Get governance in place now. Not when you scale and especially not when the regulator asks. Do it now. Define which data can go into which provider, which models can be used, who owns AI assisted decisions, and what your review process looks like for AI generated code. The Engineering 2028 survey shows 74% of leaders favour organisation wide governance frameworks, with team leads handling the judgement calls within those guardrails. That hybrid model matches what I’ve seen work: clear organisational boundaries with enough team level autonomy to move fast.

Update your security posture. Your SAST tools and your security training need to account for the volume and nature of AI generated code. If your security practices are the same as they were two years ago, they’re not enough.

Invest in observability like your career depends on it. Because it might. When AI generated code breaks in Prod and nobody on the team wrote it, your traces and your alerts are the only thing standing between you and a very long night.
As I covered in Part 1, the real validation happens after deployment: canary releases, SLO alignment, and instrumentation that closes the feedback loop between what shipped and what’s actually happening. Don’t think your three pillars are enough and if all you have is logs then invest (use a skill in your AI flow) in observability with wide events.

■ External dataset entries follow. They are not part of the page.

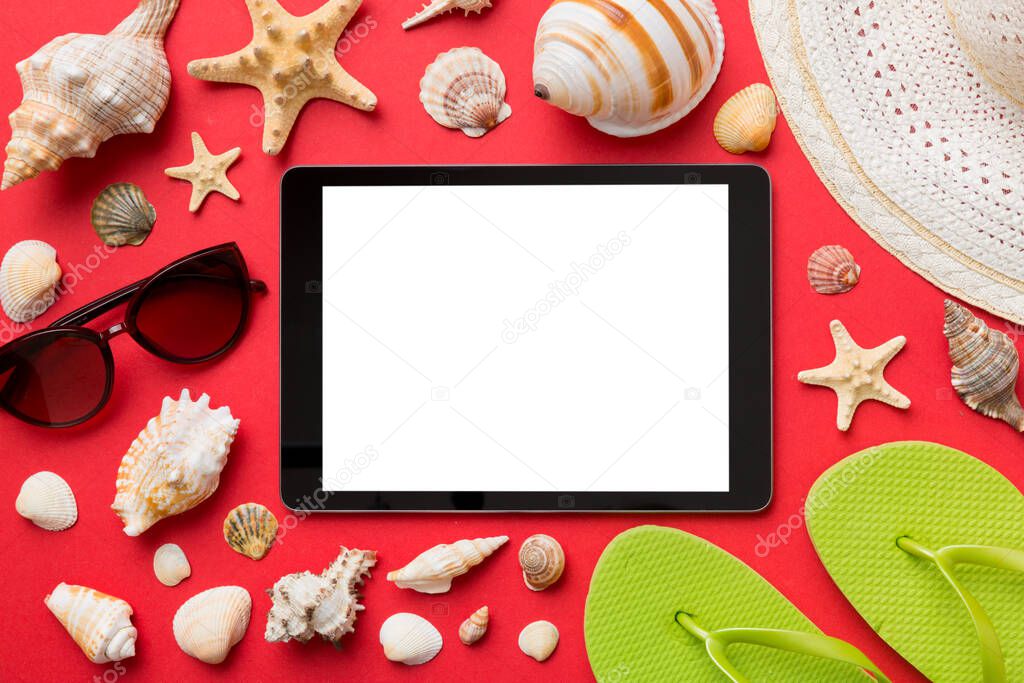 Flat lay composition with tablet and beach accessories on colored background. Tablet computer with blank screen mock up with copy space.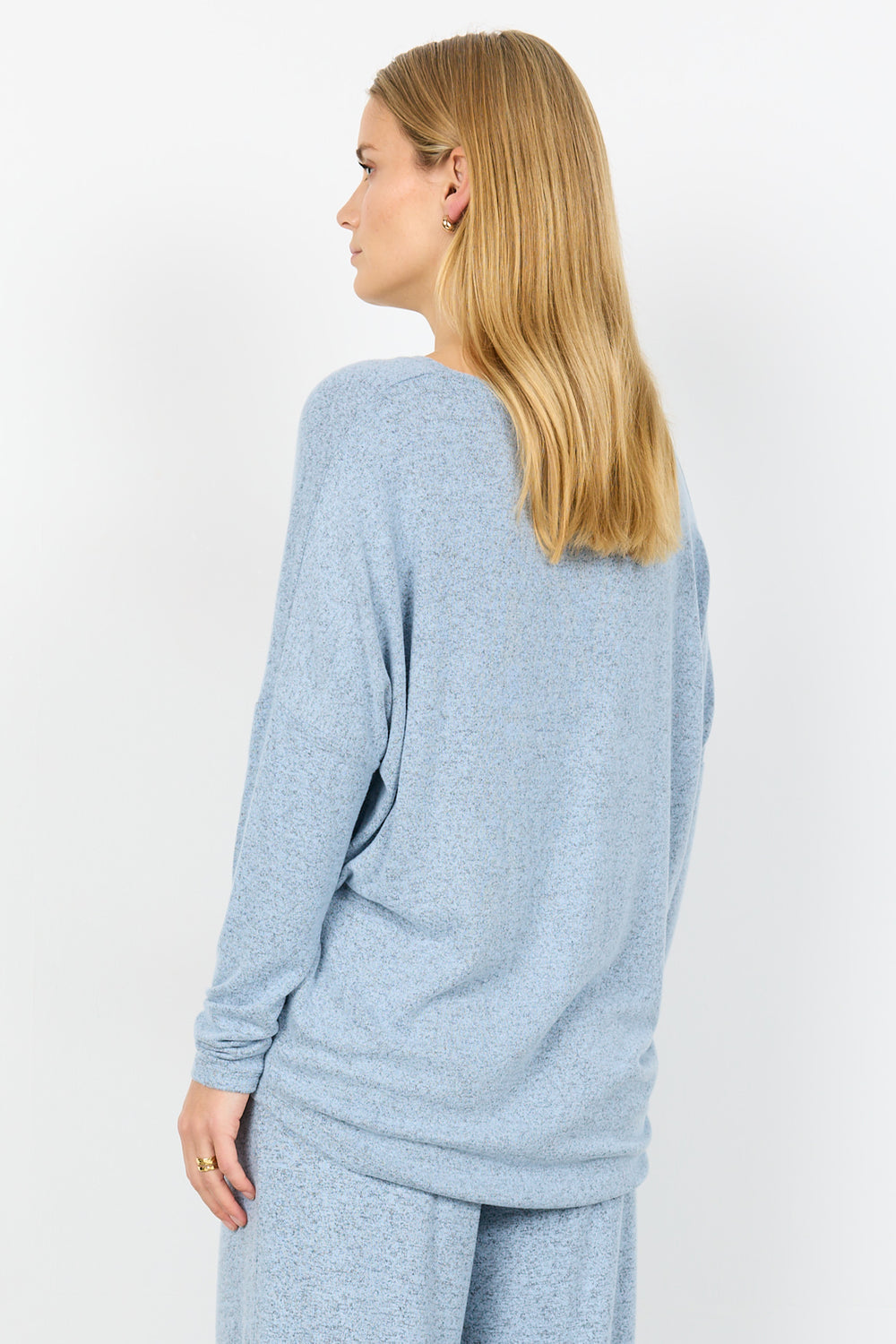 Woman wearing a light blue sweater and pants on a white background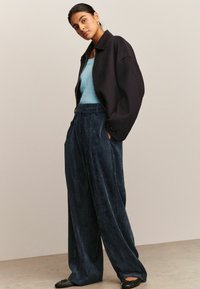 Veste noire surdimensionnée sur un débardeur bleu clair, associée à un pantalon en velours côtelé bleu foncé ample et des chaussures plates noires. Tissus lisses et texturés.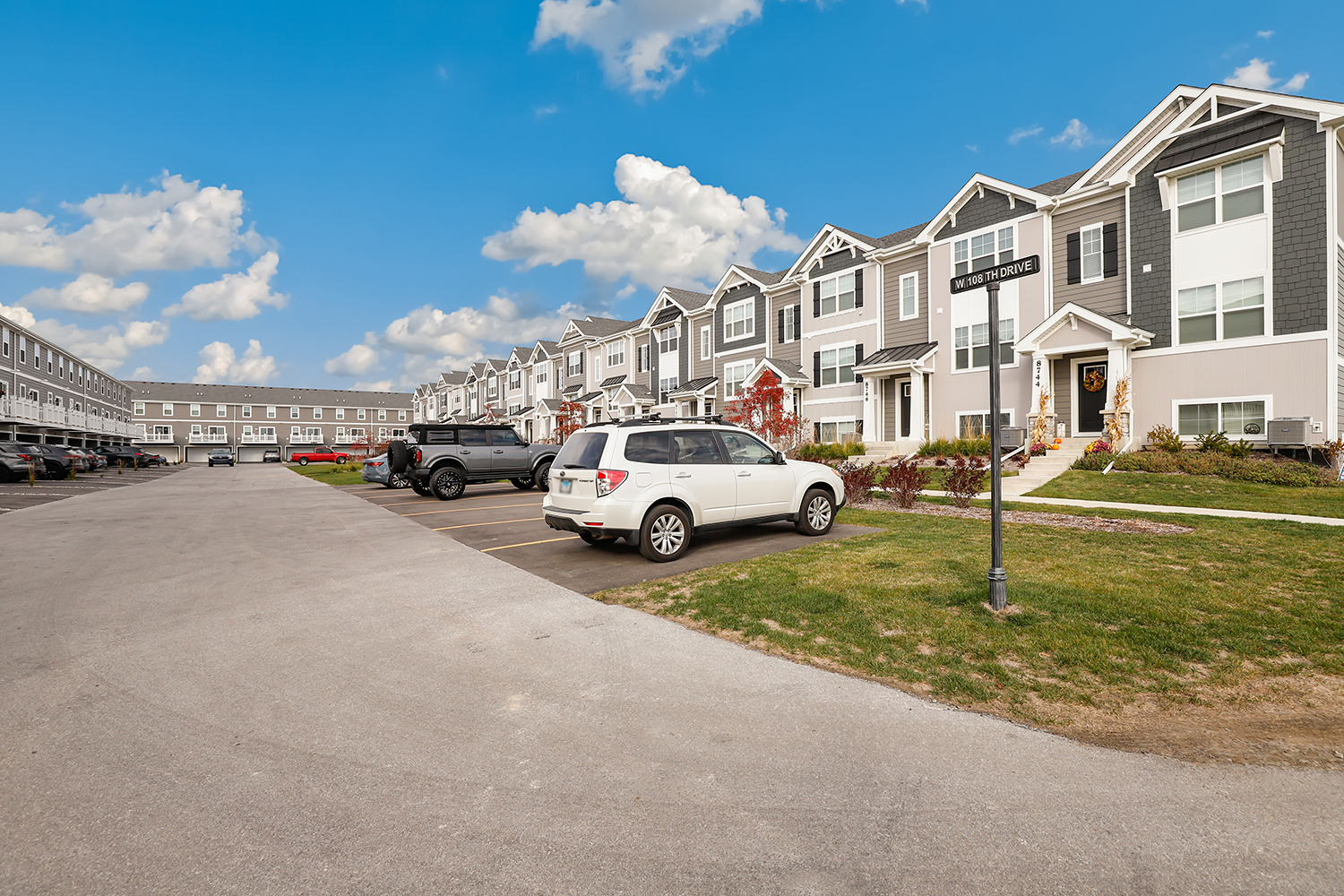 8746 Clover Lane St. John, IN 46373 - Photo 3 of 31 a white house covered with tall trees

Lead from the front. Mandating tool access and championing adoption are completely different things. When leaders actively model AI use, the whole organisation’s attitude shifts. When they just approve budgets and read adoption dashboards, teams treat AI as another checkbox. AI is not just for code, it applies to your entire business.

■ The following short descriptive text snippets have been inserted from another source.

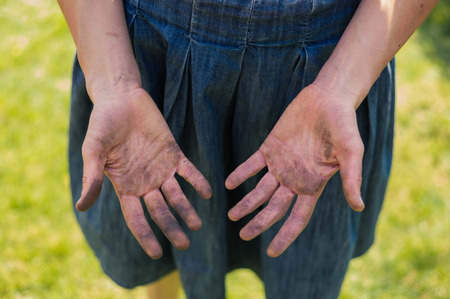 A young woman is showing of her dirty hands covered in dirt from gardeningの写真素材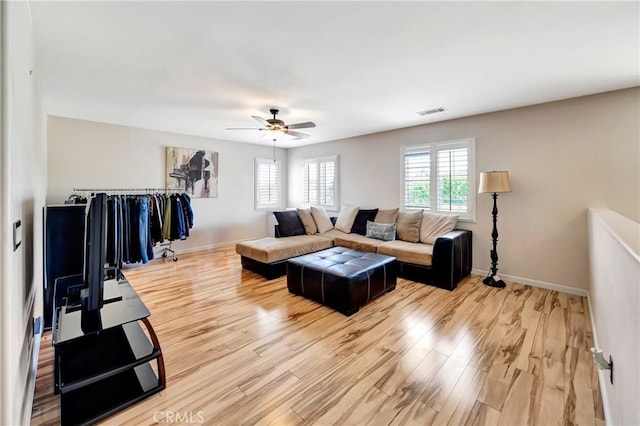 living room with a ceiling fan, light wood-style flooring, and baseboards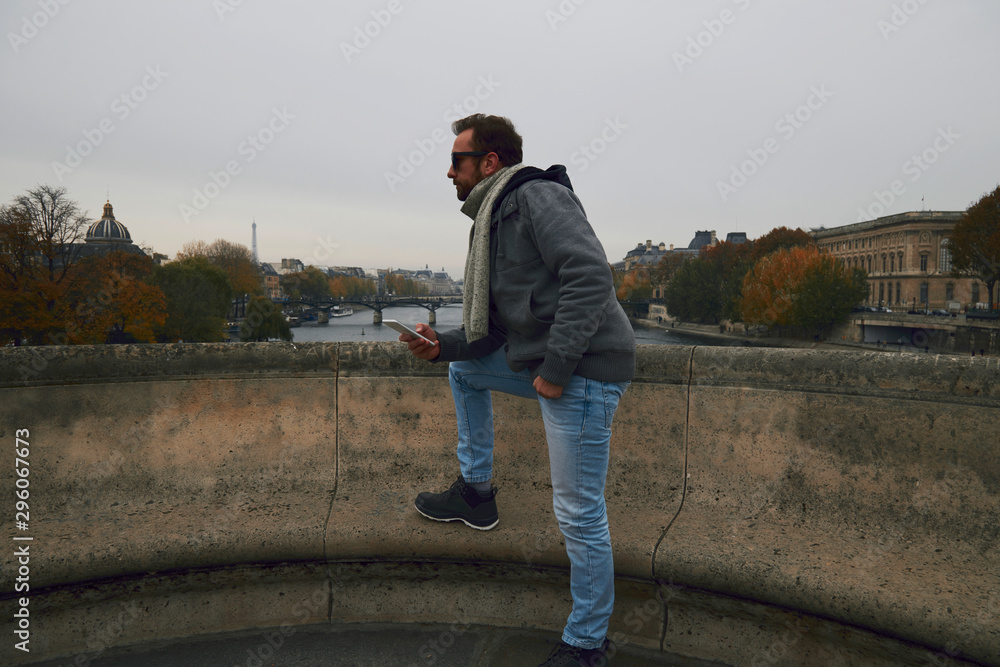 Handsome man enjoying in Paris while using cellphone.
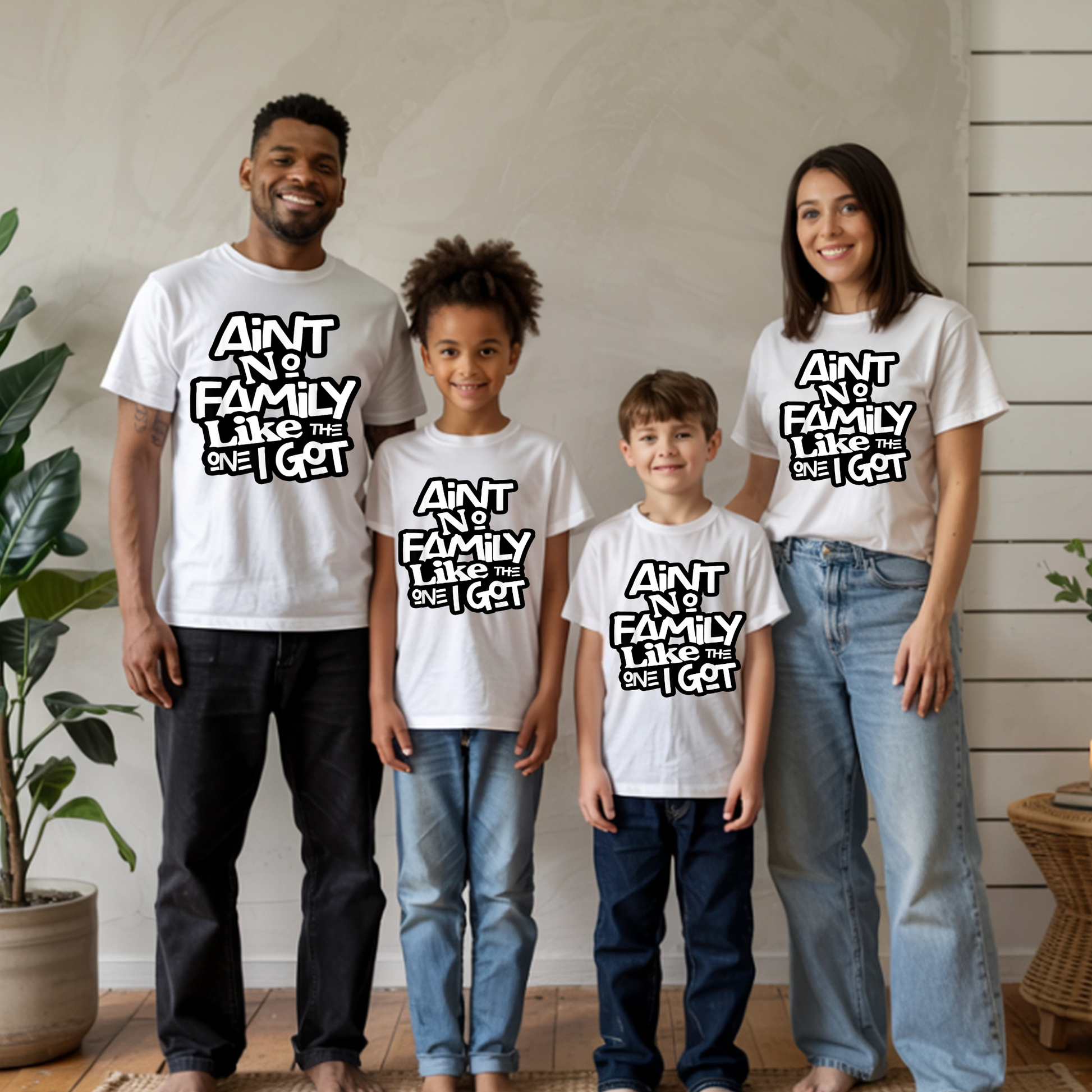 Family of four wearing matching white t-shirts with text, standing indoors.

The companies that built strong engineering foundations before the AI wave are compounding their advantages.
The companies that didn’t are compounding a different kind of debt.
The bubble is real and so is the underlying value. “The existence of froth doesn’t disprove the existence of value.”
The question is whether your organisation is set up to capture that value or just contribute to the froth.

The gap between those two groups is widening. Every quarter of inaction makes it harder to close.

I’m still working through a lot of this. If you’re navigating the gap between AI adoption and actual value, or if you’ve found something that moved the needle for your teams, I’d like to hear what’s working and what isn’t.